The Kregelo Brothers embalmed the body in the bedroom around six o’clock and left him there for the night. By the next day, Indianapolis was preparing itself for a great funeral. Buildings were covered with black bunting and the greenhouses ran out of flowers as arrangements were sent to the house, many of which had to be left outside. Harrison’s body was moved from the bed into a solid cedar casket, which was completely lined with copper, and placed on its white silk upholstery. Using its six massive silver handles, the casket was moved in front of the large southward facing windows of the bedroom on Thursday afternoon and to home’s front parlor on Friday evening. The Kregelo Brothers spent Friday night, from 8 p.m. to 2:30 a.m. moving flowers, fourteen wagon loads in all, from the house to the State Capitol Building where the body was to lay in state on Saturday.
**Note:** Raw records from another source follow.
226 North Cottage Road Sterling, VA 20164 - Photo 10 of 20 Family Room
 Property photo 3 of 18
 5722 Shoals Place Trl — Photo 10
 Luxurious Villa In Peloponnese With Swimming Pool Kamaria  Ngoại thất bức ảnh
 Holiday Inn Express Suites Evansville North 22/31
In the meantime, Crown Hill Cemetery was preparing the burial place next to his first wife. A sturdy mahogany box, built inside a larger box of granite slabs, was built to serve as a vault.
At noon on Saturday, the body was moved to the Capitol Building, accompanied by the pall bearers, Indiana National Guard, and surviving members of Harrison’s 70th Indiana Volunteers. These men took turns standing guard during the public viewing as about 100 people per minute filed by in two lines from 1:00 p.m. to 10:00 p.m. Many more were waiting to enter the rotunda, richly decorated with flowers, flags, black crepe, and a large portrait of Harrison by T.C. Steele, when the doors were closed. The body went back to the house while the industrious Kregelo Brothers began moving the flowers to the First Presbyterian Church at the southwest corner of Pennsylvania and New York Streets. (The huge bell in its tall steeple was last tolled for his funeral. A Tiffany stained glass window in his honor at its new building is now prominently displayed at the Indianapolis Museum of Art.)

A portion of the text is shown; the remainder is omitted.